За этими мыслями чуть не проскочил знакомый поворот. С юзом тормознул машину и потряс головой. Ни фига меня накрыло! Вот уж не думал, что такое внутри сидеть может! Закурил, избавляясь от неожиданно накатившего патриотизма, и, вывернув руль, покатил в нашу деревню.

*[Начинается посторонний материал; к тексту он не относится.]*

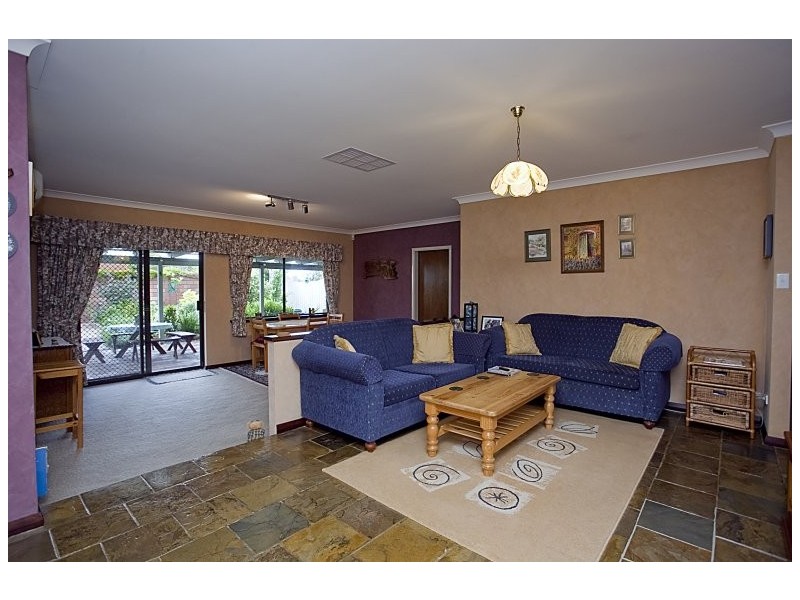 32 O’Connor Road, Swan View WA 6056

Там суеты в связи с моим отъездом не наблюдалось. Гриня распекал бойца из молодого пополнения. Мишка Северов выскочил из домика связистов, сморкнулся и, зябко передернув плечами, шмыгнул обратно. Санинструктор Валечка выстроила солдат охраны для проверки по форме номер пять. М-да, отряд не заметил потери бойца… Хотя про эту потерю пока знают только двое. Ладно, надо глянуть, чем эти двое сейчас заняты. Остановившись возле крыльца, заглушил «уазик» и, пройдя в хату, несколько раз стукнул в дверь.
– Зайдите!
Диспозиция в комнате оставалась прежней. Серега сидел на лавочке, а Колычев курил возле окна. Но увидев меня, он только улыбнулся, а вот Гусев, вскочив со своего насеста, заграбастал в охапку и начал тискать, вопя при этом:
– Я же говорил – он вернется! Я же говорил! Молодец, чертяка! Какой же ты молодец!
Сделав официальную морду, вывернулся из захвата и предупредил:
– Но, но. Руки прочь, товарищ предатель! Мне с такими людьми, которые втемную играют, не по пути… А ведь мы с тобой из одного котелка кашу метали… Эх ты, майор!

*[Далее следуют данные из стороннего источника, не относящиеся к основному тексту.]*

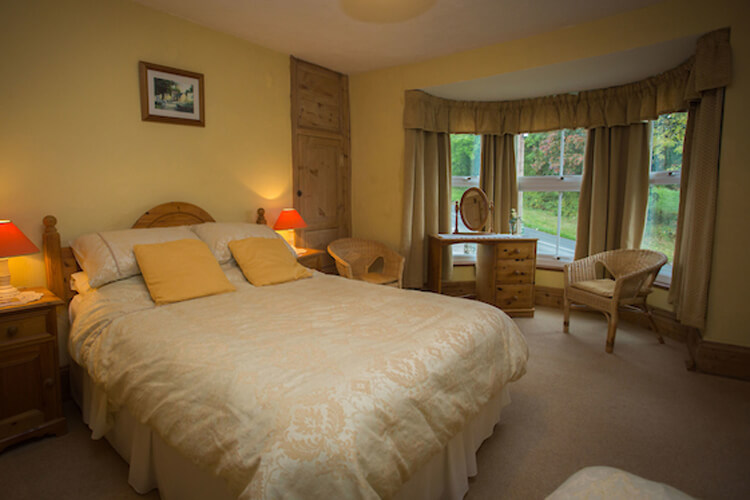 Dryslade Farmhouse Bed & Breakfast - Image 3 - UK Tourism Online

Серега сначала обиженно выпучил глаза, но видя, что я сам с трудом сдерживаю улыбку, расхохотался:
– На себя посмотри. Два года нам тут «горбатого» лепил! Так что – квиты!
Тут влез Иван Петрович:
– Гусев прав насчет «горбатого». Что решил, Илья: ответишь, кто ты, или дальше будем делать вид, что ничего не происходит?
Хм… а что, теперь действительно можно сделать вид, что ничего не произошло? Полным идиотом я не был, поэтому, тихонько вздохнув, начал говорить:
– Отвечу… Я – Лисов Илья Николаевич тысяча девятьсот семьдесят четвертого года рождения. Не судим, не женат. Не состоял. То есть в комсомоле был, но недолго… Он самоликвидировался, вместе со страной. Что еще? Занимаюсь бизнесом. Ну как по-вашему – нэпман. Но не крупный. Правда и не мелкий. Служил два года в армии – был командиром танкового взвода. Училища не заканчивал, а звание получил после окончания военной кафедры в институте. Соответственно образование – высшее. Отучился на геофизика. Правда, по специальности не работал. Немножечко побандитствовал. Зато потом это в деле помогало… Сюда попал, сам не знаю как. Яркий свет, голоса в голове, и я уже тут – в этом времени. Ну в общем и все. Если подробно рассказывать, то много времени займет…
Мужики слушали очень внимательно. При этом Колычев еще и кивал каким-то своим мыслям. А вот на предложении изложить поподробней меня остановил:
– Расскажешь, конечно. Но не здесь и не сейчас. Подожди минутку.
После чего, подняв трубку телефона ВЧ связи, коротко бросил в нее:
– Товарища Михайлова… Товарищ Михайлов? Здравия желаю! Да… да, поговорил. Нет… но разговор пошел еще дальше. Да сам… Так точно, докладываю – объект «Странник», вариант – два… Нет, наш век – тысяча девятьсот семьдесят четвертого года рождения… Есть!